Berechnen Sie die Kosten pro Portion anhand einer festgelegten Rezeptur und Portionsgröße. Berücksichtigen Sie dabei auch Verschnitt und Zutaten, die beim Garen Gewicht verlieren. Ein Einkaufspreis pro Kilogramm sagt noch nicht, was die tatsächlich servierte Portion kostet.

Der Verkaufspreis muss neben den Zutaten auch Personal, Energie, Miete und weitere Betriebskosten sowie einen Gewinn ermöglichen. Vergleichen Sie Ihre Kalkulation anschließend mit Ihrem Angebot und dem örtlichen Markt. Der Preis eines Nachbarrestaurants ersetzt keine eigene Rechnung.

Gliedern Sie die Karte in vertraute Gruppen wie Vorspeisen, Hauptgerichte und Desserts. Kennzeichnen Sie eine Hausspezialität gezielt, statt viele Gerichte gleichzeitig hervorzuheben. Prüfen Sie später anhand der Bestellungen, welche Positionen gefragt sind und welchen Beitrag sie zur Deckung Ihrer Kosten leisten.

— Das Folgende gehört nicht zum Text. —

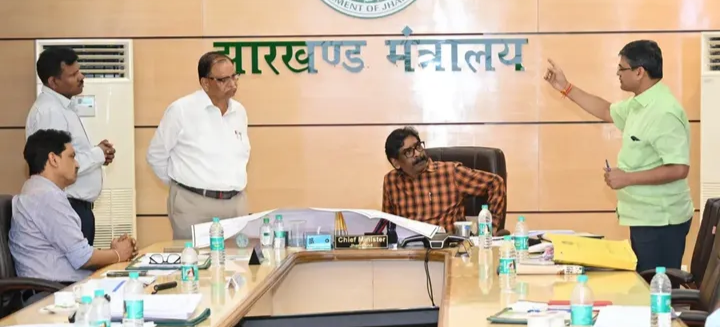 RANCHI : झारखंड में 24 घंटे निर्बाध बिजली आपूर्ति सरकार की प्राथमिकता, मुख्यमंत्री ने दिए सख्त निर्देश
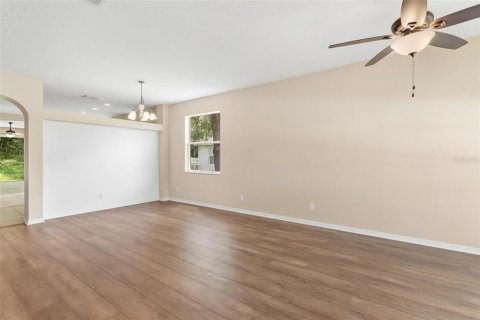 Villa ou maison à vendre à Eustis, Floride: 4 chambres, 181.35 m2 № 2150647 - photo 6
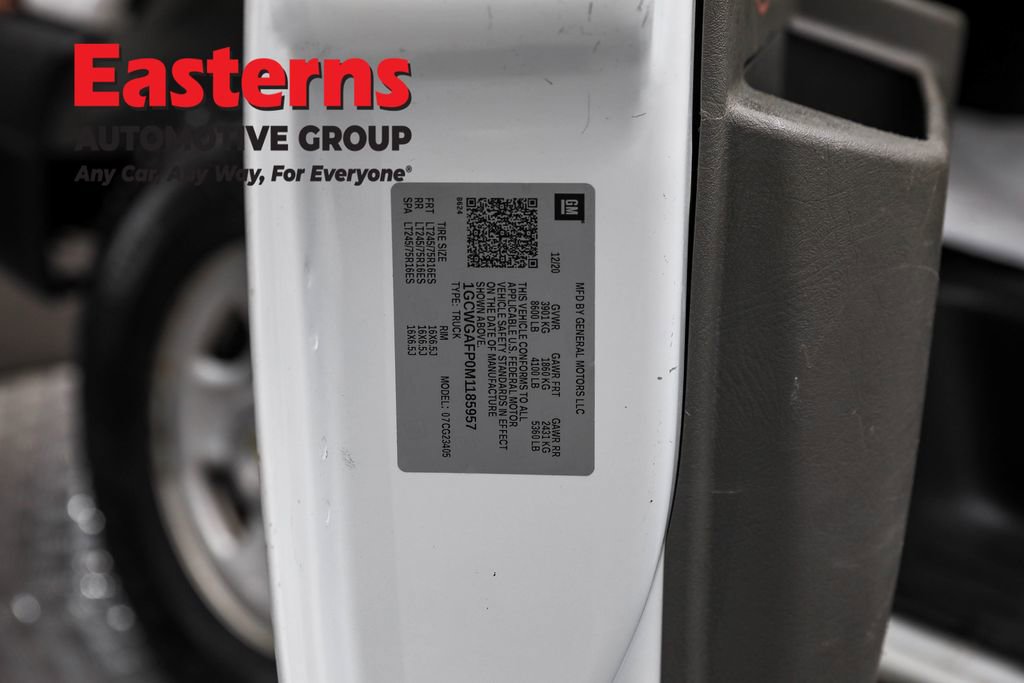 Used 2021 Chevrolet Express 2500 w/ Driver Convenience Package image 32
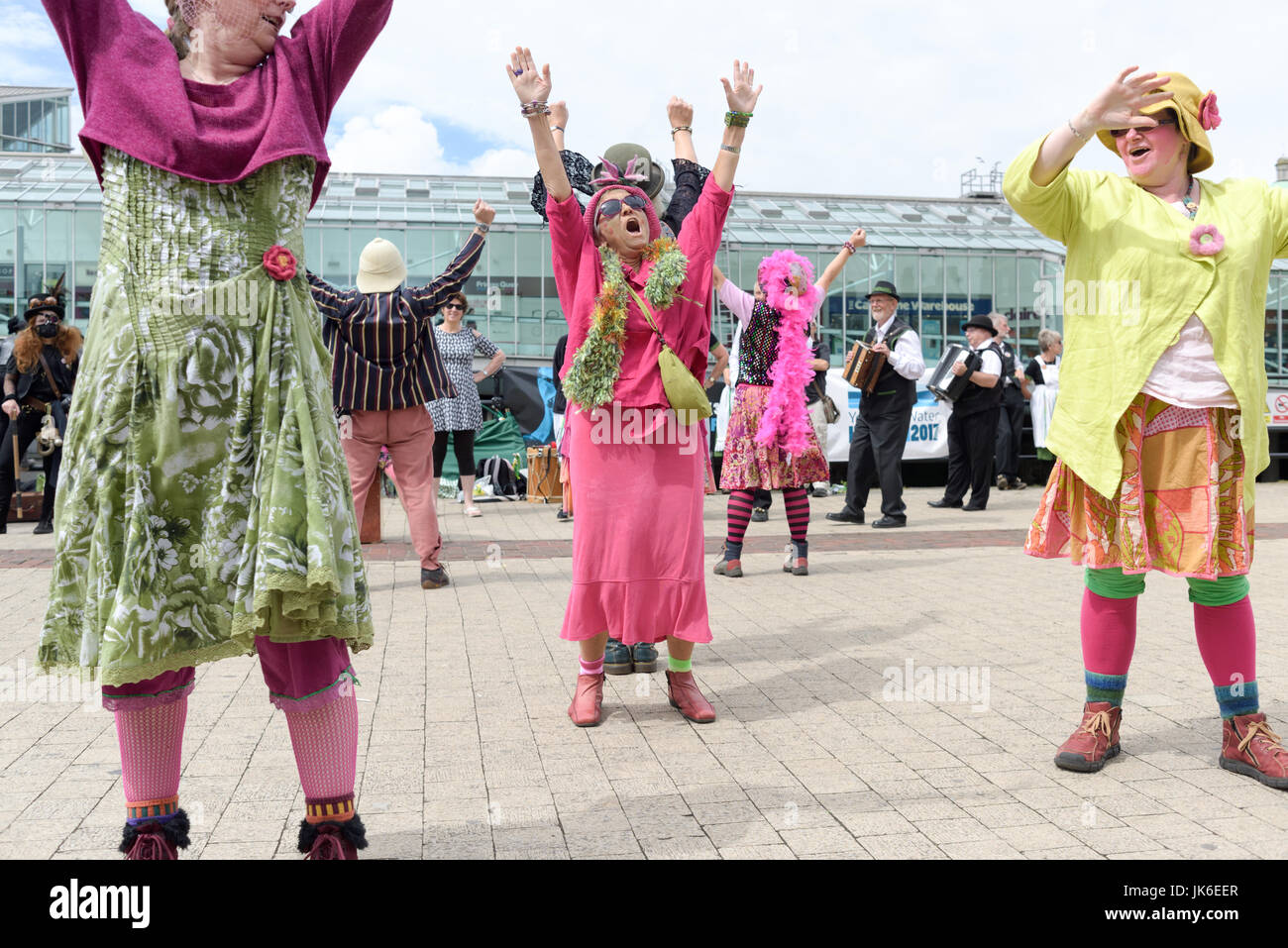 Kingston-Upon-Hull, Yorkshire, Großbritannien. 22. Juli 2017. Traditionelle englische Folk-Tänzer und Sänger führen außerhalb der Princes Quay Einkaufszentrum als Teil der Stadt von Kultur 2017 feiern. Bildnachweis: Ian Francis/Alamy Live-Nachrichten Stockfoto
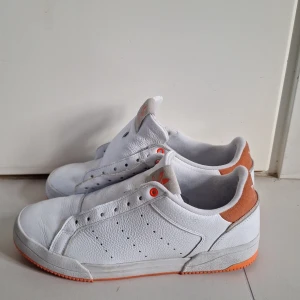Addidas skor - Knappt använda utan skosnöre. Köpte för två år sedan. Storlek 45, 1/3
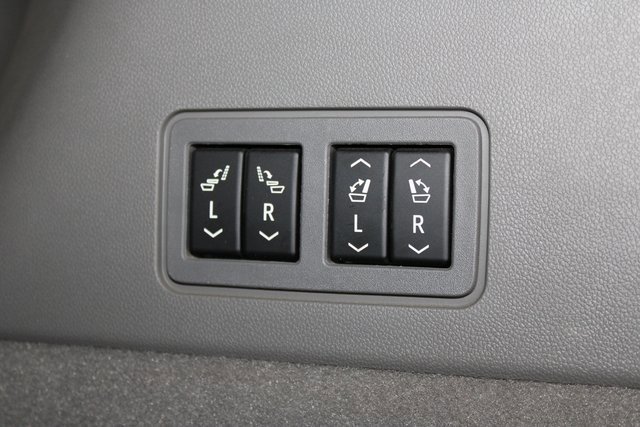 Certified 2023 Cadillac XT6 Premium Luxury w/ Technology Package image 32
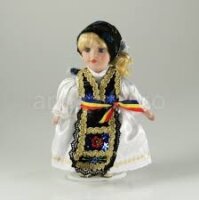 ARTIZANAT Porzellanpuppe in Tracht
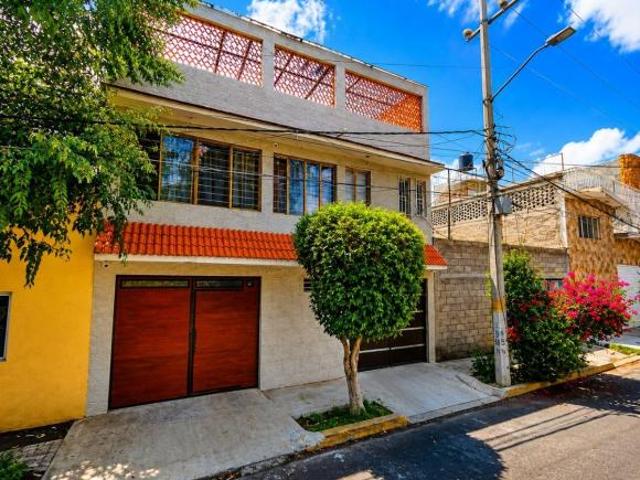 GRAN OPORTUNIDAD ! CASA EN REMATE EN COL. TAMAULIPAS, CD. NEZAHUALCOYOTL, CDMX. ORR20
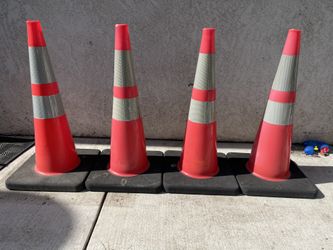 Construcción Cones. Set Of 2 , 28” Tall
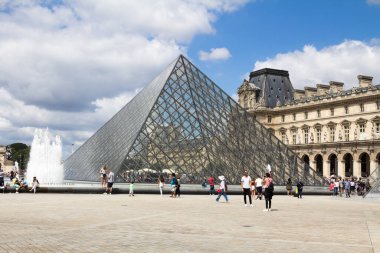 Louvre Müzesi dünyanın en büyük müzelerinden ve Fransa 'nın en popüler turizm merkezlerinden biridir.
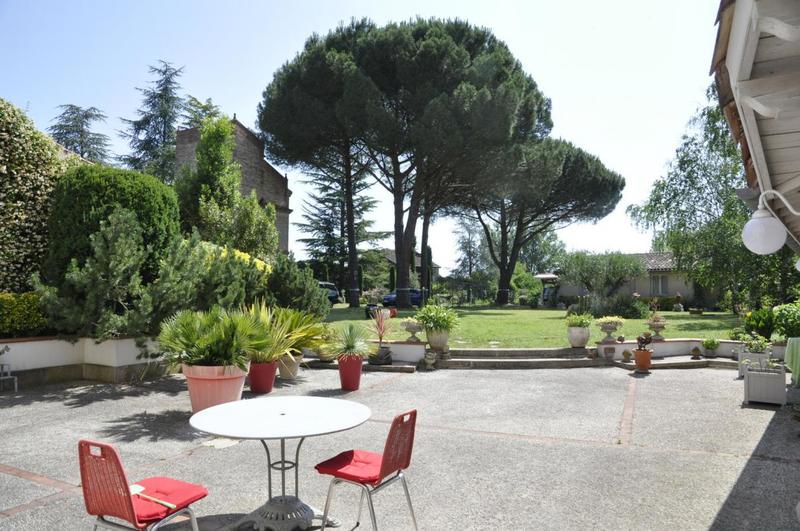 Maison - 525 m² - 10 pièces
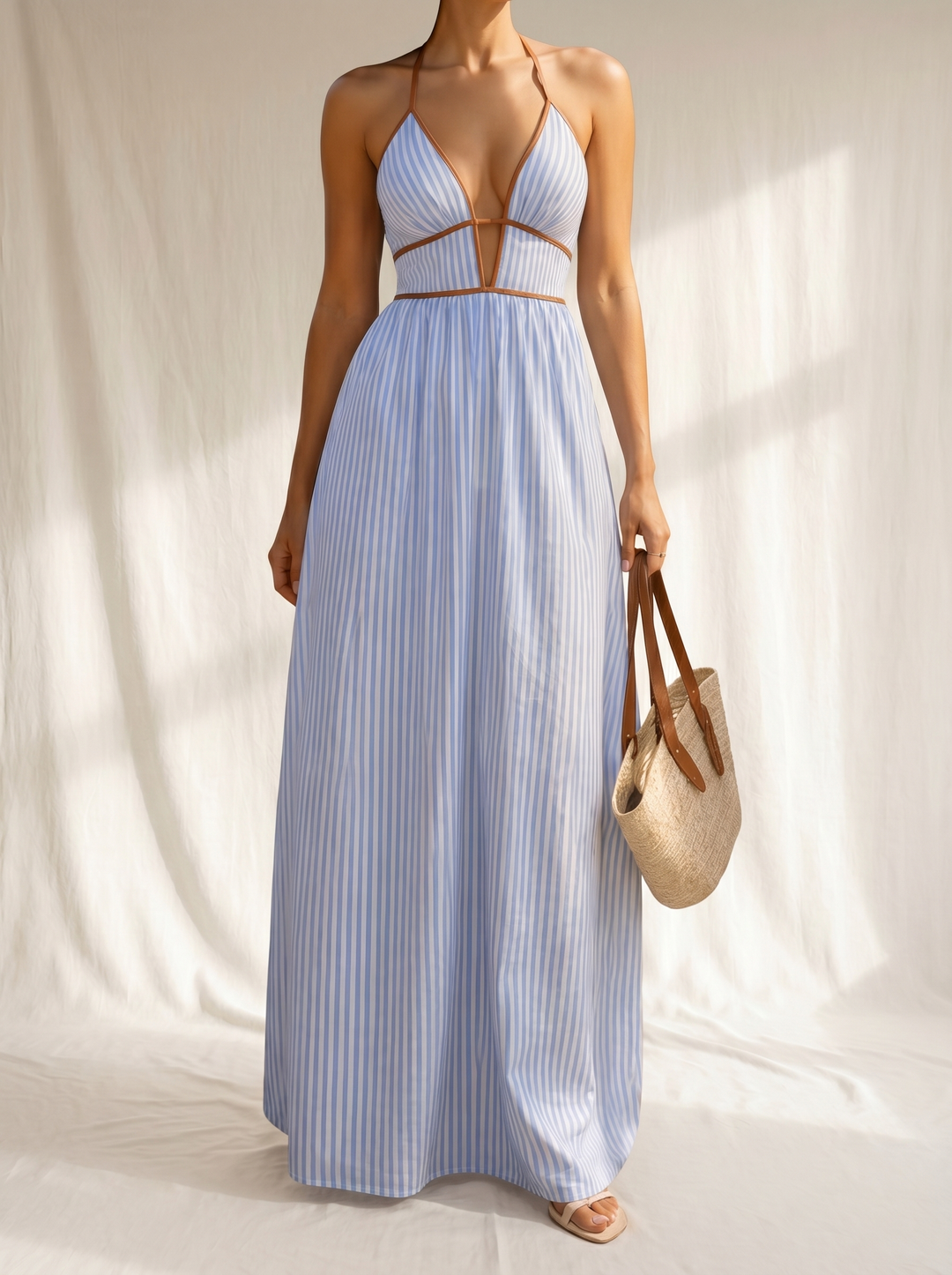 Laurina | Vestido Largo de Rayas con Escote Cut-Out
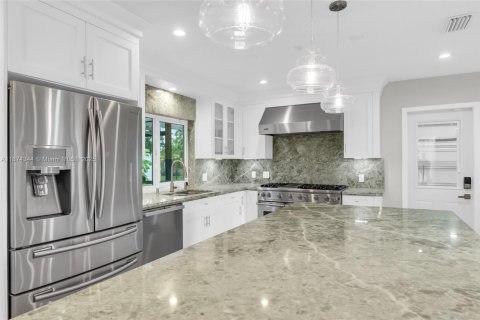 Купить виллу или дом в Хомстед, Флорида 4 спальни, 221.66м2, № 1922218 - фото 16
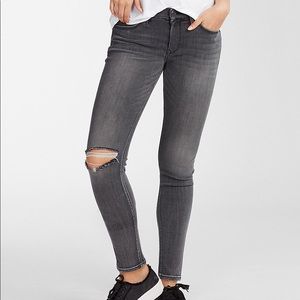 NWT Grey Express Jeans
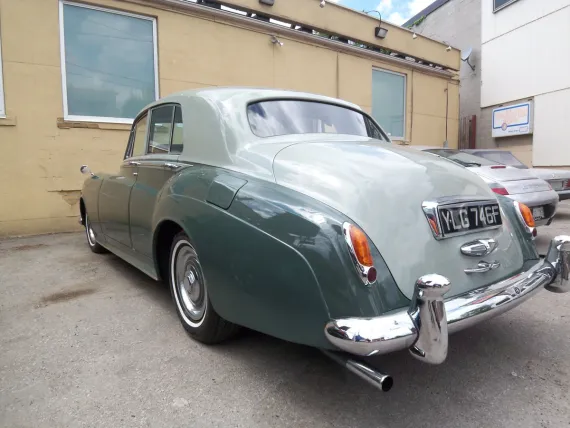 Vehicle Image 16 - 1960 Bentley S2 RHD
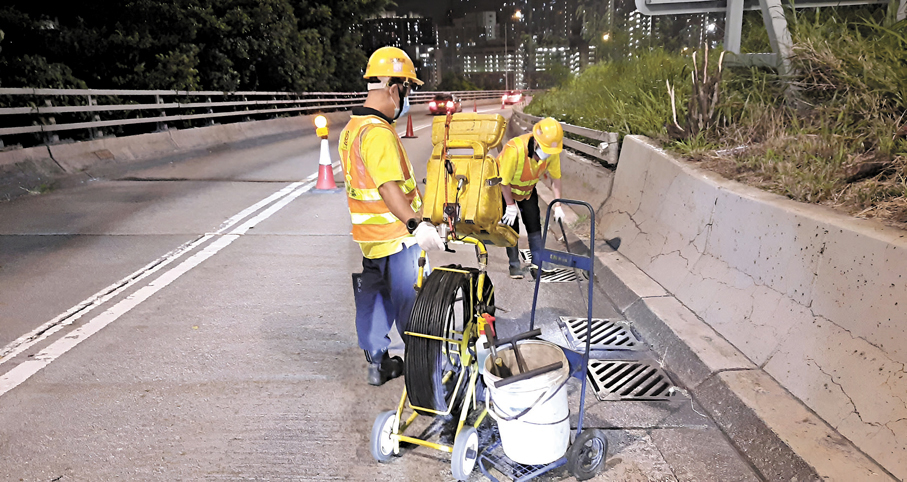 ◆承建商人員於演練前利用閉路電視勘查集水溝內的情況。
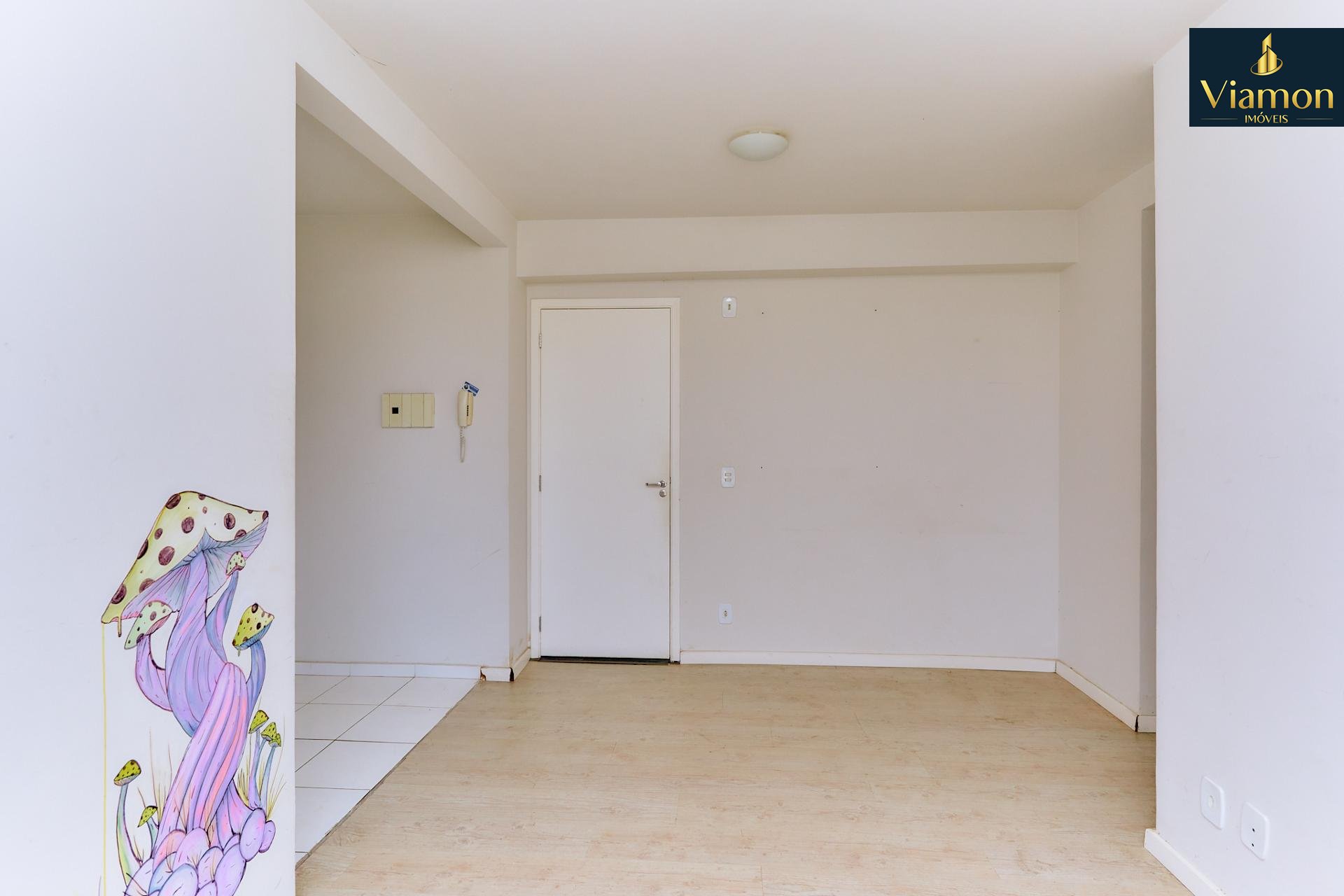Lindo apartamento à venda no bairro PINHEIRINHO, CURITIBA - PR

8Entscheiden Sie zwischen digitaler und gedruckter Karte

Eine gedruckte Karte lässt sich ohne Smartphone lesen und gemeinsam am Tisch durchblättern. Eine digitale Speisekarte für Restaurants erreichen Gäste schon vor dem Besuch. Änderungen an Preisen oder Tagesgerichten können Sie dort veröffentlichen, ohne neue Exemplare zu drucken.

Für viele Betriebe bietet sich beides an: gedruckte Karten am Tisch und eine aktuelle Online-Version auf der Website und im Google-Unternehmensprofil. Wenn Sie QR-Codes nutzen, halten Sie auch Karten für Gäste bereit, die kein Smartphone verwenden möchten oder können.

Prüfen Sie eine digitale Karte auf einem echten Smartphone: Sind die Gerichte ohne Vergrößern lesbar? Öffnet sich die Karte direkt, ohne Anmeldung oder App-Installation? Eine für den Druck gestaltete PDF-Datei ist auf kleinen Bildschirmen oft umständlich zu lesen.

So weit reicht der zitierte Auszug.